BLOD
MARA
2024 TALHEIM RECORDS
BLACKENED SLUDGE DOOM METAL
D'abord il y a l'objet. Un superbe digipack tout de nuances de gris et de noir fait, avec cette pochette superbe ou le Christ est représenté en femme - S'agit-il de Anna W. la vocaliste ? - là où le rouge exprimait encore le sang qui circule et donc la vie sur le précédent album Serpent. Ici tout n'est plus que deuil, noirs et blancs plus ou moins profonds, un décorum des plus black metal qui se trouve complété par les photos intérieures, faisant appel à l'imagerie d'un sombre paganisme, voire d'une sorcellerie diabolique. Car diabolique Blod l'est, c'est l'essence à laquelle le duo carbure. On le rappelle, Anna W. est accompagnée par Ulrich W. (membre de Otargos, ancien de Regarde Les Hommes Tomber), bref, un habitué des atmosphères lugubres.
Côté musique, voici ce que je disais du premier album du duo en 2020 :
"D'un point de vue musical, le duo produit un assemblage pesant et noirâtre fait d'une base Doom/Sludge particulièrement heavy et d'une noirceur directement issue du Black Metal. Mais cet étalage d'étiquettes est loin de rendre justice aux qualités de la musique de Blod. C'est en effet l'originalité qui prime ici, tant le mix de la voix d'Anna, mélancolique et plutôt proche du Rock (voire du Grunge à la Nirvana/Hole par moments, ce qui de ma part est un sacré compliment, et parfois on pense aussi à une Chelsea Wolfe dans ses moments les plus Metal) va ajouter un supplément d'âme à la musique du groupe, alors qu'une énième voix growlée/hurlée n'aurait fait que créer une créature lourde et malsaine de plus."

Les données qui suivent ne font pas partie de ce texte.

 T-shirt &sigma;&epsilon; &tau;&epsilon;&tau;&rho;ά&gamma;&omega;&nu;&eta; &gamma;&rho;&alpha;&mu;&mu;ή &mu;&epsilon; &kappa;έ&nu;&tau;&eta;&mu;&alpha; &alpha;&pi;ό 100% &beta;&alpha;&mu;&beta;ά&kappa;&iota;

Je pourrais aisément reprendre une longue partie de ce passage qui me semble toujours exact concernant Mara, ce troisième album en quatre ans -eh oui, déjà - Anna chante toujours aussi bien, alternant voix claire mélodieuse et mélancolique et hurlements déchirés sur un mur de guitares spectorien faisant couler le plomb dans nos conduits auditifs. De plomb il est largement question ici, avec ces titres lents et incroyablement lourds, un doom metal satanique qui se noie dans la boue sludgienne en portant les plus beaux apparats du black metal.
Alors vous pourrez me dire, à quoi bon se plonger dans un bain souffreteux reniflant à mille kilomètres la présence du grand bouc alors que nous vivons une époque déjà suffisamment noire comme cela !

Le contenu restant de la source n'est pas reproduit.